WHAT TO DO -
Return the records in full, with every character preserved.

Segment Start: EXCERPTED RECORDS

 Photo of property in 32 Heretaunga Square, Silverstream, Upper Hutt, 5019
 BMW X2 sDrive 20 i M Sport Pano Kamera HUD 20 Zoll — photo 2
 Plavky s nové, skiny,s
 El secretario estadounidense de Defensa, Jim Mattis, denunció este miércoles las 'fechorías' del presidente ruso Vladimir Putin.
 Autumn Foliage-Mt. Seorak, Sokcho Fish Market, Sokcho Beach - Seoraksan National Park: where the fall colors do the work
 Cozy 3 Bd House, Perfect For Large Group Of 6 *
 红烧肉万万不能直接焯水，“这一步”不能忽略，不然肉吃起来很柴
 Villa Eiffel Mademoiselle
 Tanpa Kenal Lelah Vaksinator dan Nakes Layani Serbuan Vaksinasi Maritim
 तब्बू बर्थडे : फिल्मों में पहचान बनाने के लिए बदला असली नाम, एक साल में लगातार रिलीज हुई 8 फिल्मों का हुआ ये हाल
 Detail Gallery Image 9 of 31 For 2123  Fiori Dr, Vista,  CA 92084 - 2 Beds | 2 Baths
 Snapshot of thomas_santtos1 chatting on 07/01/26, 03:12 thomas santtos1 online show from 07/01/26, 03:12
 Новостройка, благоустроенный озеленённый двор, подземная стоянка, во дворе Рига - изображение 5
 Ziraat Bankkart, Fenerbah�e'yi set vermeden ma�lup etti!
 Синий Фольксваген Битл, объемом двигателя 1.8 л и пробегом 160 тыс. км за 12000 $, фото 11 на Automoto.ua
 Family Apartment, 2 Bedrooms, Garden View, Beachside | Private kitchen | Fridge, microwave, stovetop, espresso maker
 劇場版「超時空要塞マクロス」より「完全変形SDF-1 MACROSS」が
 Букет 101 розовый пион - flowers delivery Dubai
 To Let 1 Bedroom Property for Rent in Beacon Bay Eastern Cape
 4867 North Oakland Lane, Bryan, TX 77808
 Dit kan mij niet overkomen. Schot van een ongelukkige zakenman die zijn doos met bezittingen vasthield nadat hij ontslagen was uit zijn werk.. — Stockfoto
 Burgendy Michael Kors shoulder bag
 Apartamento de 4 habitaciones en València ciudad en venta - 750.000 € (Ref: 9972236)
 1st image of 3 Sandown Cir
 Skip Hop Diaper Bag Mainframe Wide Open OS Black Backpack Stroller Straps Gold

Segment End: EXCERPTED RECORDS

EXERCISE RESULT -
 Photo of property in 32 Heretaunga Square, Silverstream, Upper Hutt, 5019
 BMW X2 sDrive 20 i M Sport Pano Kamera HUD 20 Zoll — photo 2
 Plavky s nové, skiny,s
 El secretario estadounidense de Defensa, Jim Mattis, denunció este miércoles las 'fechorías' del presidente ruso Vladimir Putin.
 Autumn Foliage-Mt. Seorak, Sokcho Fish Market, Sokcho Beach - Seoraksan National Park: where the fall colors do the work
 Cozy 3 Bd House, Perfect For Large Group Of 6 *
 红烧肉万万不能直接焯水，“这一步”不能忽略，不然肉吃起来很柴
 Villa Eiffel Mademoiselle
 Tanpa Kenal Lelah Vaksinator dan Nakes Layani Serbuan Vaksinasi Maritim
 तब्बू बर्थडे : फिल्मों में पहचान बनाने के लिए बदला असली नाम, एक साल में लगातार रिलीज हुई 8 फिल्मों का हुआ ये हाल
 Detail Gallery Image 9 of 31 For 2123  Fiori Dr, Vista,  CA 92084 - 2 Beds | 2 Baths
 Snapshot of thomas_santtos1 chatting on 07/01/26, 03:12 thomas santtos1 online show from 07/01/26, 03:12
 Новостройка, благоустроенный озеленённый двор, подземная стоянка, во дворе Рига - изображение 5
 Ziraat Bankkart, Fenerbah�e'yi set vermeden ma�lup etti!
 Синий Фольксваген Битл, объемом двигателя 1.8 л и пробегом 160 тыс. км за 12000 $, фото 11 на Automoto.ua
 Family Apartment, 2 Bedrooms, Garden View, Beachside | Private kitchen | Fridge, microwave, stovetop, espresso maker
 劇場版「超時空要塞マクロス」より「完全変形SDF-1 MACROSS」が
 Букет 101 розовый пион - flowers delivery Dubai
 To Let 1 Bedroom Property for Rent in Beacon Bay Eastern Cape
 4867 North Oakland Lane, Bryan, TX 77808
 Dit kan mij niet overkomen. Schot van een ongelukkige zakenman die zijn doos met bezittingen vasthield nadat hij ontslagen was uit zijn werk.. — Stockfoto
 Burgendy Michael Kors shoulder bag
 Apartamento de 4 habitaciones en València ciudad en venta - 750.000 € (Ref: 9972236)
 1st image of 3 Sandown Cir
 Skip Hop Diaper Bag Mainframe Wide Open OS Black Backpack Stroller Straps Gold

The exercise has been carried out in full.